In 2011, he was found guilty of fraudulent solicitation, misappropriation, and misrepresentation to investors and regulatory organizations. An injunction was sought, preventing him from trading in commodities futures and foreign currencies. A $12.5 million default judgement was entered against him, and he was banned from commodity trading.

In 2012, he pleaded guilty to charges including passport fraud, grand larceny, scheme to defraud, violation of the NY General Business Law (Martin Act), and falsifying business records to further a Ponzi scheme. He was sentenced to a term of five years, seven months and 15 years, seven months in prison.

==Early life and education==
Kim was born in the late-to-mid 1970s in New Jersey. He graduated from Dartmouth College in 1997, where he had majored in economics and minored in art history.

==Career==
He founded the now-defunct Liquid Capital Management LLC, which focused on futures trading, in 2002 and had an office on Broadway in New York City.

In 2009, Kim twice appeared on CNBC's financial television news show Squawk Box, speaking as an expert about derivatives trading.

==Controversy==
Brian Kim owned and lived in an apartment at Christodora House. He was indicted and arrested in 2009, and accused of stealing $435,000 from the Christodora House condo association in 2008.

Kim failed to appear at his trial in January 2011, and was charged with jumping bail. He had fled to Hong Kong after obtaining a new passport by saying his was lost. In fact it had been confiscated by authorities. He was taken into custody in Hong Kong in October 2011, and was returned to the United States.

After an investigation by the Commodity Futures Trading Commission (CFTC) into his hedge fund business, in February 2011, Kim was charged both civilly and criminally with financial fraud, grand larceny, and scheme to defraud for running a $6 million Ponzi scheme from January 2003 through January 2011, and cheating at least 45 investors from the West Coast while providing them with fake monthly performance statements. According to prosecutors, he misrepresented the quality of the investments to his clients, while stealing some of the money for himself.

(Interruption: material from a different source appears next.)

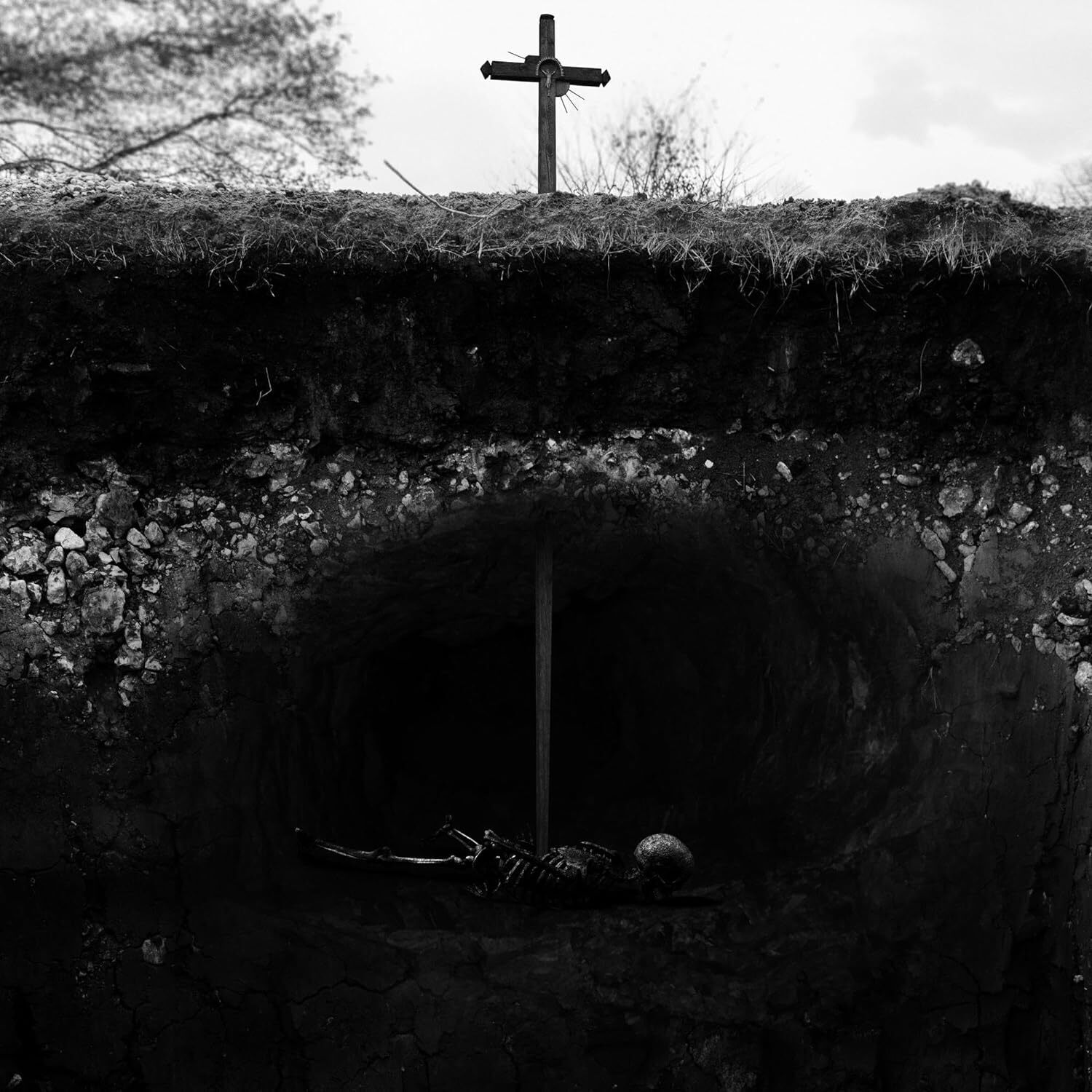 Caged From Roving About the Earth (Vinyl LP) 12" Album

The CFTC sued Kim and Liquid Capital in February 2011, charging them with fraudulent solicitation, misappropriation, and misrepresentation to investors and regulatory organizations, and seeking an injunction preventing them from trading in commodities futures and foreign currencies. The agency said Kim and his employees told clients that Liquid Capital generated returns of more than 240 percent, when in fact they were losing money, and the only funds coming in were from new deposits by clients.

In April 2011, Judge Denise Cote of the U.S. District Court for the Southern District of New York found the defendants guilty of all charges. She entered a default judgment of $12.5 million against him, and he and Liquid Capital were banned from further commodity trading. In addition, the court froze his assets.

In March 2012, he pleaded guilty to passport fraud by attempting to acquire a new passport from by claiming his was lost. In reality, his passport was already confiscated by prosecutors.

On March 16, 2012, Kim pleaded guilty to nine of the 26 counts against him, including grand larceny, scheme to defraud, violation of the NY General Business Law (Martin Act), and falsifying business records in connection with the Ponzi scheme charge, and stealing $435,000 from the Christadora House.

In April 2012, Kim was sentenced by Justice Charles H. Solomon in New York State Supreme Court in Manhattan to five to 15 years in state prison, which was to commence after Kim had served seven months in federal prison on his passport fraud conviction.